所有権留保は、売買契約時に売主が売買代金の全額が支払われる前に商品を買主に引き渡す場合に、代金が完済されるまで売主が商品の所有権を自己に留保する(とどめおく)という特約を交わすことにより行われます。

売買代金の担保として割賦販売(ローン)の際に多く用いられ、信販会社等が売買代金の立替を行った場合には、信販会社等が所有者となります。

自動車登録においては、信販会社や自動車販売会社を所有者、購入者を使用者とする登録をしますので、所有権が留保されていることが明白となります。

所有権留保は買主が代金を完済した時点で解除され、所有権は買主に移動します。

自動車においても代金完済の時点で所有権は買主に移動しますが、何もしなければ自動車登録上は使用者のままなので、買主を所有者に変更する所有権解除をする必要があります。

所有権解除と道路運送車両法

法律上は所有者の変更があった場合には、新所有者はその日から15日以内に移転登録をしなければならない(道路運送車両法第13条)とされています。

(移転登録)道路運送車両法 第十三条
新規登録を受けた自動車(以下「登録自動車」という。)について所有者の変更があつたときは、新所有者は、その事由があつた日から十五日以内に、国土交通大臣の行う移転登録の申請をしなければならない。

所有権解除をしないデメリット

コンプライアンス上の問題を無視しても、所有権解除をしないと、買主の引越しや相続などが発生したときに、信販会社や自動車販売会社の書類が必要になり、手続きが煩雑になる恐れがあります。できるだけ速やかに移転登録を行った方がよいでしょう。

 

必要書類について

登録をする上では所有権解除も特段に難しいことはなく、通常の名義変更の手続きで登録ができます。必要な書類を確認してみましょう。

登録自動車

  • 車検証
  • 譲渡証明書(ローン会社や販売会社等が発行)
  • 旧所有者の印鑑証明書(ローン会社や販売会社等が発行)
  • 旧所有者の委任状(ローン会社や販売会社等が発行)
  • 新所有者の印鑑証明書
  • 新所有者の委任状

※引越しなどにより住所が繋がらない場合は、住民票や車庫証明が必要です。

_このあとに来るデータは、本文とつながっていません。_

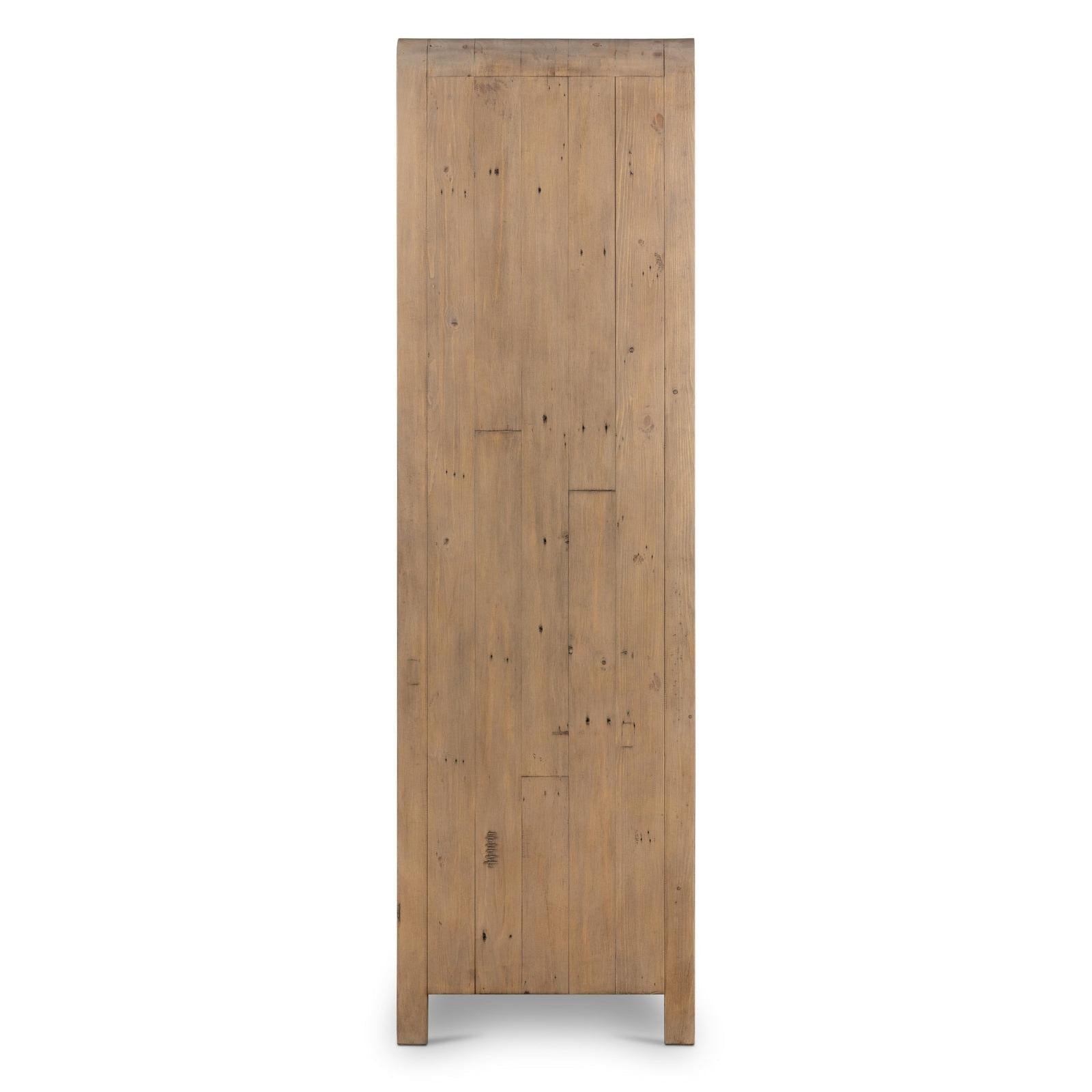 Everson Cabinet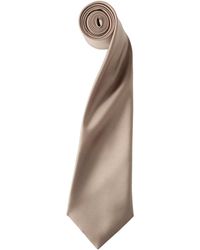 PREMIER - Echarpe Pr750 - Lyst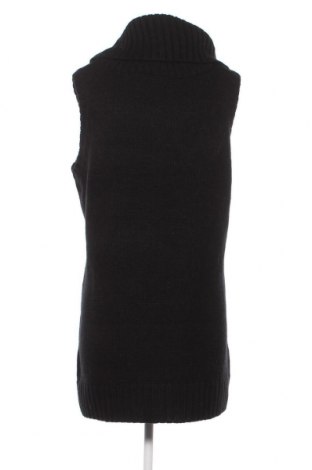 Γυναικείο πουλόβερ Bpc Bonprix Collection, Μέγεθος XL, Χρώμα Μαύρο, Τιμή 12,80 €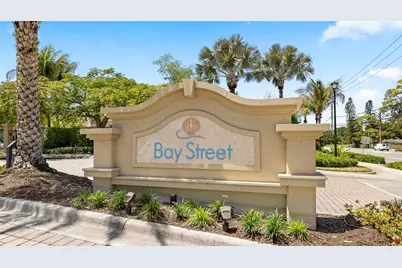 4271 Expedition Way #103, Osprey, FL 34229 - Photo 31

詳しくは別項でご説明します。

軽自動車

  • 車検証
  • 旧所有者の申請依頼書(ローン会社や販売会社等が発行)

※【軽自動車所有権承諾書】がある場合は一緒に添付してください。

  • 新使用者の申請依頼書

※ 引越しなどにより住所変更している場合は、住民票や印鑑証明書など最新の住所を証明する書類が別途必要です。(コピー可)

旧所有者の書類に関しては、所有権を有する信販会社や自動車販売店へお問い合わせの上、ご準備ください。

お問い合わせ・無料相談

 

OSSと所有権解除

新車新規や継続検査同様に、所有権解除もOSSで申請することができます。

ただし、通常の所有権解除は車庫証明が不要な為、OSSを利用するメリットはありません。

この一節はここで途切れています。